2) There's no reduced prices for when their stocks get low. It seems the few that I've checked out still charge the same rates no matter how long it's been since they last stocked. Doesn't seem right to still be paying $15 or $20 to fish their lakes when most of the fish have already been pulled out.

3) They should charge less for people that only want to catch and release.

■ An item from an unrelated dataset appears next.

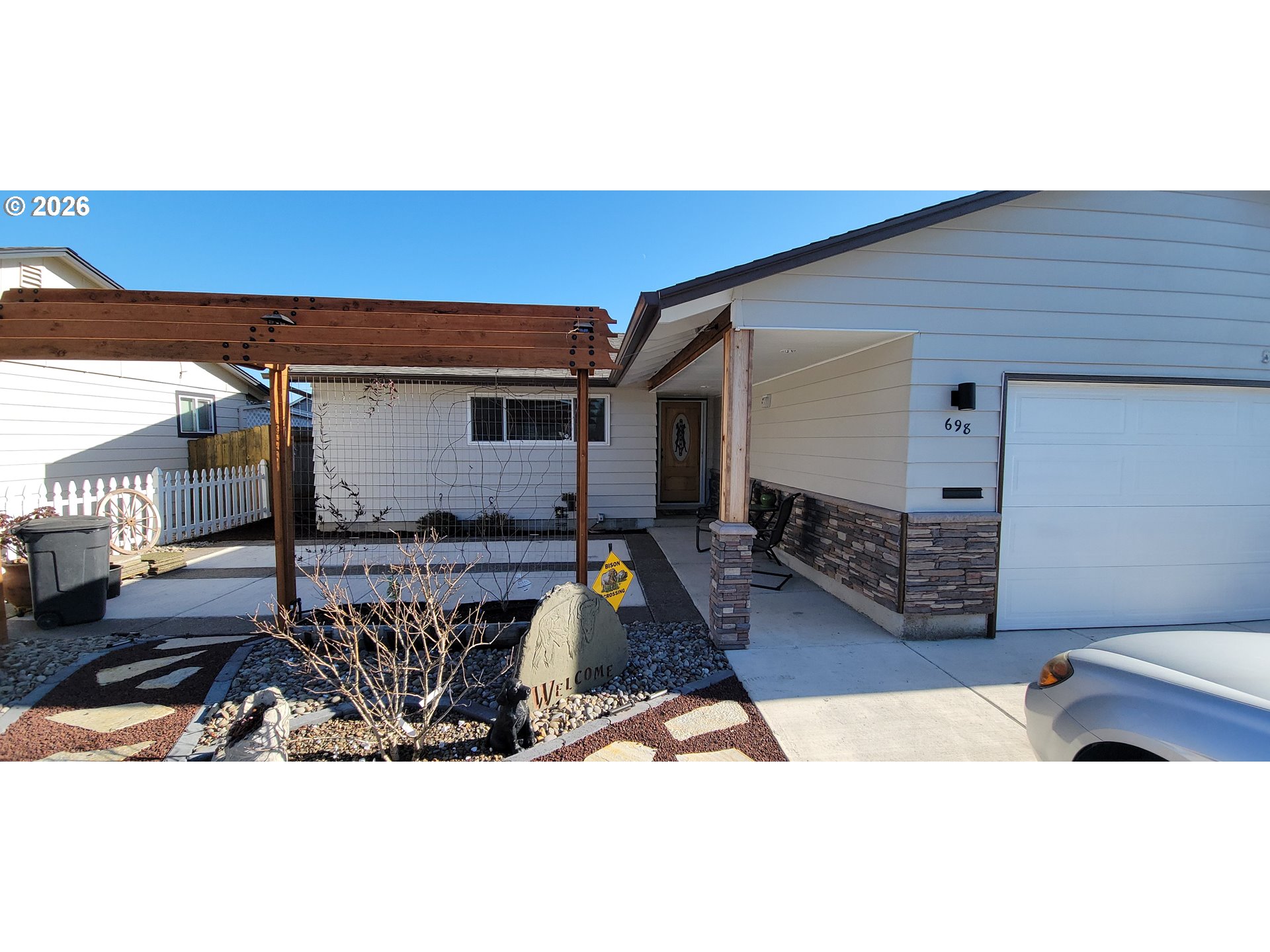 698 South Cascade Drive Woodburn, OR 97071 - Photo 2 of 19 a living room with furniture a rug and a wooden floor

I know it would probably be difficult for them to chase out every person when their 3 hours is up, or to check and see whether or not they're actually releasing, but until I can find one that wants to operate along similar guidelines it's public waters all the way.


----------



## tommy454 (May 20, 2008)

I would rather spend $15 on 2 or 3 new lures and lose them in the river than pay to catch nothing at a pay lake. Sure there are some monsters in the paylakes. I personally would rather catch a 18-20" smallmouth than a 30-40lb catfish. Didn't used to be that way. I have fished my share of paylakes. But I enjoy the challenge of finding the fish rather than just sitting on a small pond waiting for them to find my bait.


----------



## bsmith (Mar 26, 2010)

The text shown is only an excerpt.